Monoprice's cables are great, and they're so cheap that, the next time I have to tear down my AV stack, I'm going to replace my current cables with their color-coded ones. :righton:


----------



## FlyingDiver (Dec 4, 2002)

Reaper said:


> Monoprice's cables are great, and they're so cheap that, the next time I have to tear down my AV stack, I'm going to replace my current cables with color-coded ones. :righton:


I know what you mean. They also have such a good selection of cable lengths that it's fairly easy to get "custom" cables that fit exactly where you want them without excess coils getting in the way.


----------



## Stewart Vernon (Jan 7, 2005)

I know a lot of people have bragged on Monoprice. I have ordered other things from them, so I can vouch for them as a company and for other computer accessories... I just haven't bought their cables, but if I needed any I surely would consider it.

I have been using MediaBridge HDMI cables that I ordered through Amazon, and have had no problems with those and they are usually fairly inexpensive too.


----------



## pfp (Apr 28, 2009)

Monoprice is great for many things including cables. I wouldn't buy shorter hdmi cables from anyone else unless I couldn't wait for the shipping. That being said at longer lengths (such as what you are looking at with 35 feet) you may want to consider something a bit better. Odds are they won't be an issue but if it would be hard to replace (such as in a wall or ceiling) it may be better to go with a better cable from the start. By no means should you ever feel the need to pay Monster prices though.


----------



## FlyingDiver (Dec 4, 2002)

Monoprice offers multiple grades of HDMI cables, including RedMere active cables. I really doubt you could find a different vendor offering comparable cables (of whatever quality you want) for cheaper.


----------



## dmspen (Dec 1, 2006)

I've had to return one defective product (iPhone charge cord - connector fell apart). There was no issue and I got a replacement within a few days.

I vote for monoprice


----------



## Chris37 (Dec 29, 2010)

Is there any difference at all with HDMI cables and 3D HDMI cables or no? 

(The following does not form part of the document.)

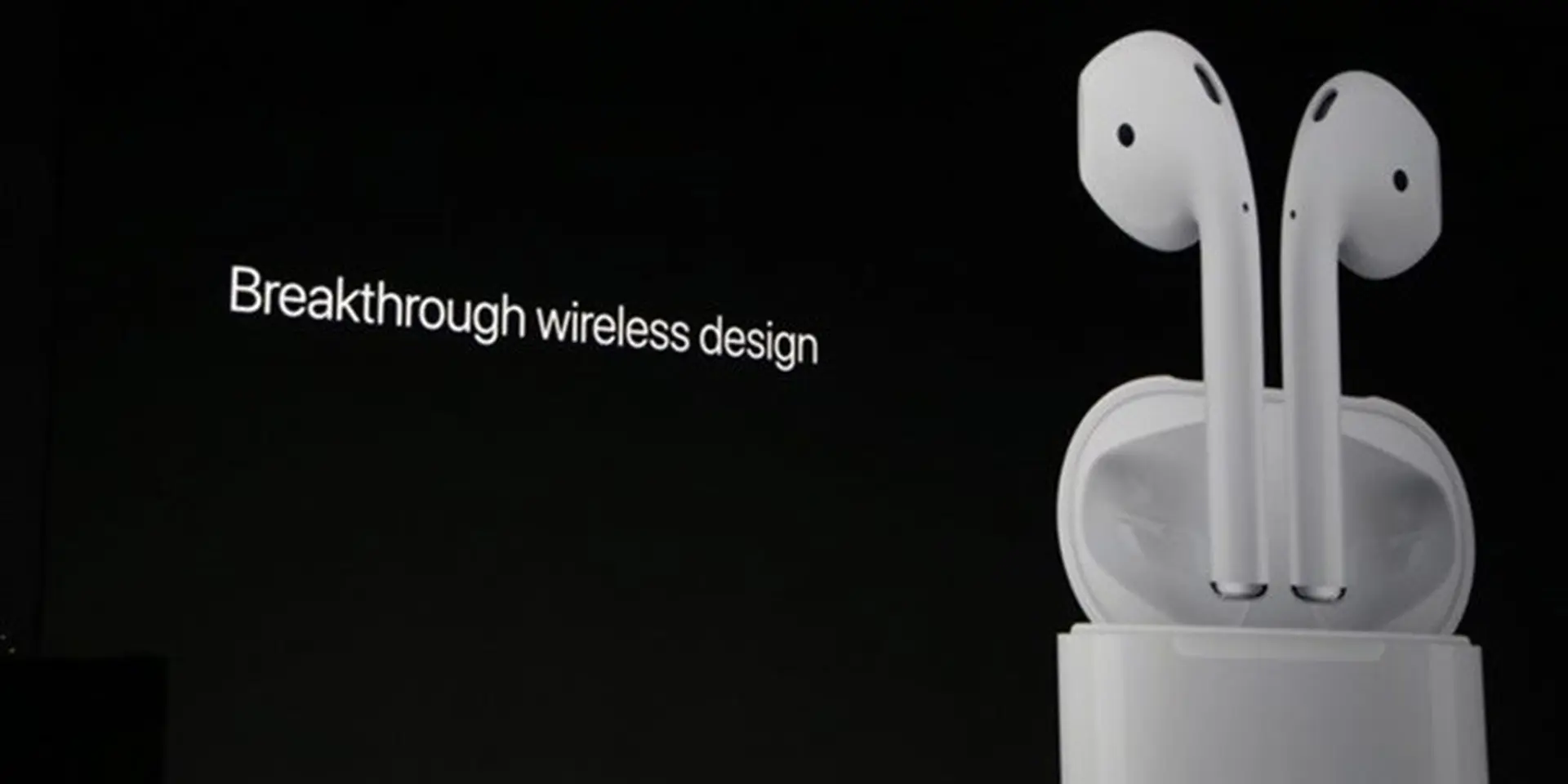 Tim Cook hé lộ thời điểm ra mắt tai nghe AirPods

I have a 3D TV. I saw they have 3D HDMI cables or unless they are trying to get more money out of people saying its 3D but its the same thing anyway.

Thanks,
Chris


----------



## lugnutathome (Apr 13, 2009)

http://www.pchcables.com/

Shameless plug for a local operation! Great for me as if I'm in town for work, they are about 15 minutes away. Awesome on hand selection!

With these prices I keep standard sizes and type (Ethernet Cat6, HDMI, etc) in "stock" at home for those projects that spring up.

Don "not sure how they compare but for me being able to go grab at lunch is a big plus" Bolton


----------



## dpeters11 (May 30, 2007)

Chris37 said:


> Is there any difference at all with HDMI cables and 3D HDMI cables or no?
> 
> I have a 3D TV. I saw they have 3D HDMI cables or unless they are trying to get more money out of people saying its 3D but its the same thing anyway.
> 
> ...


Any HDMI cable listed as "High Speed" will work fine.


----------